Echelon is said to be operated worldwide by five principal countries: the United Kingdom, the United States, Canada, Australia and New Zealand. It is believed to intercept large quantities of telephone, fax, Internet and e-mail communications through satellite receiver stations and possibly spy satellites.

The U.S. government has declined to discuss the existence of the system, but officials have often discussed the restrictions and capabilities of its global eavesdropping technology.

The decision to relocate the station was made following discussions with the Bavarian government, according to a National Security Agency spokeswoman. "As a result of that consultation, it was determined that closing that facility was the wisest course to take."

NSA and U.S. military officials gave no further indication of the reason for the closing, other than to say the forces there "will be consolidated and realigned."

The reported 1,800 American personnel working at Bad Aibling include Army, Navy, and Air Force intelligence units and civilians with the NSA, headquartered at Fort Meade, Md. According to the official, some of the civilian personnel will return to the United States and some will be transferred to other posts.

"The mission will remain, but be done elsewhere," said the NSA official. "It's not the end of the mission of the Bad Aibling station."
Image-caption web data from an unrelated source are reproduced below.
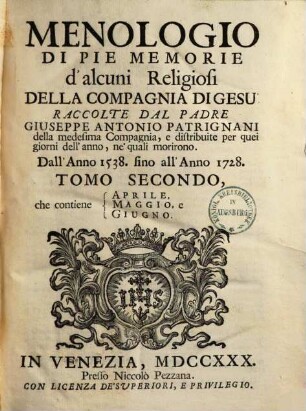 Menologio di pie memorie d'alcuni religiosi della compagnia de Gesu, 2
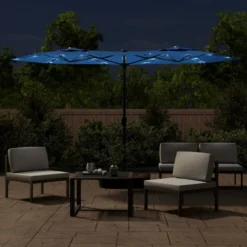 VIDAXL Parasol à Double Tête Avec Led Bleu Azuré 316x240 Cm 9 VIDAXL Parasol à Double Tête Avec Led Bleu Azuré 316x240 Cm -Konst Decor Magasin 6470a72f2685c3.07932582
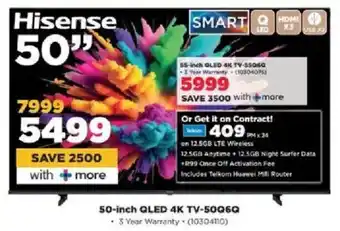 HiFi Corp Hisense 50-inch QLED 4K TV-50Q6Q offer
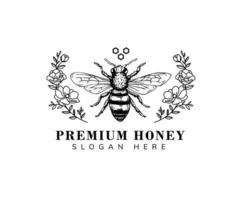 honey bee vintage logo template design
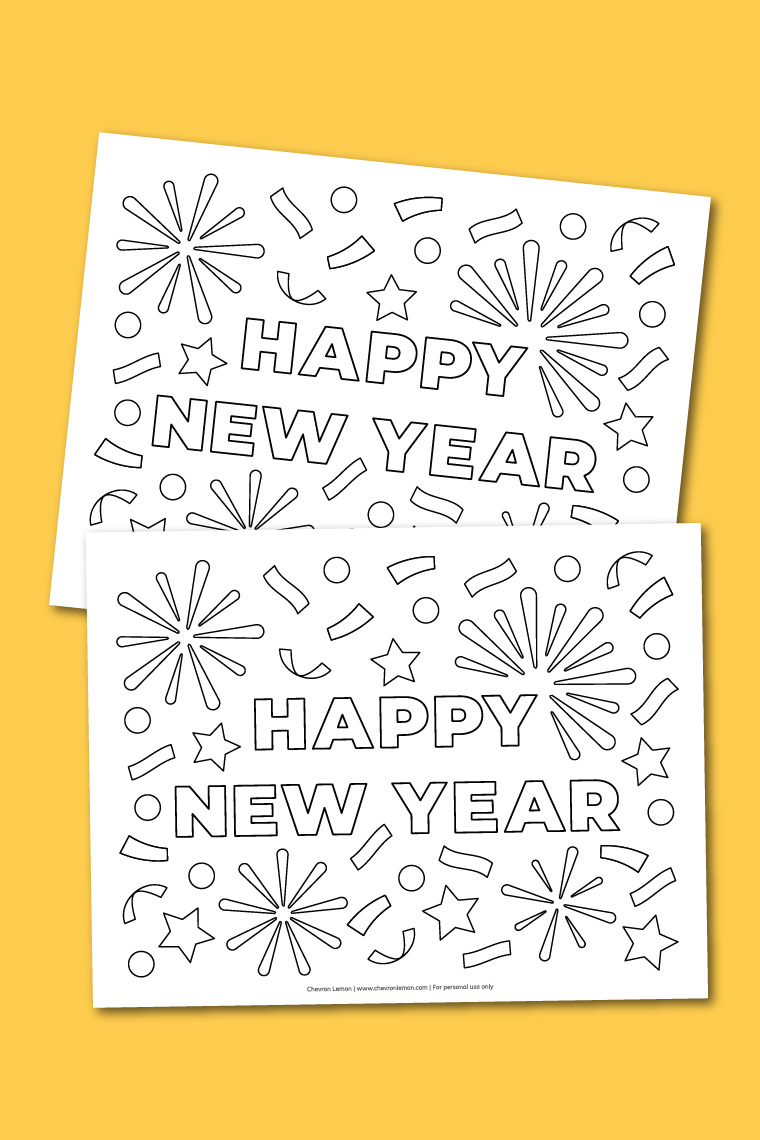 Printable happy new year coloring page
"I would say that, to the first approximation, anything they could do at Bad Aibling they could do at Menwith Hill. … I'd be really suprised if they were losing anything," says John Pike, director of the GlobalSecurity.org in Washington, D.C.

Some 150 Germans reportedly work there as well.

'Echelon' Under Fire

Created in 1947, Bad Aibling was considered a key post for eavesdropping on Soviet and Eastern European communications during the Cold War. After the Cold War, its missions evolved, but the station still has been considered essential.

"Bad Aibling Station is an integral part of the Department of Defense communications network and provides support to U.S. and allied interests," said a press statement released today by the U.S. Army Intelligence and Security Command, which announced the closing.

However, some European politicians have alleged with increasing volume that the station and its sister station at Menwith Hill, U.K., have been eavesdropping on German and other European commercial concerns and citizens.

Last month, the European Union released a report alleging the system, including Bad Aibling, has been dedicated to eavesdropping on European civilians and companies, sometimes for industrial espionage.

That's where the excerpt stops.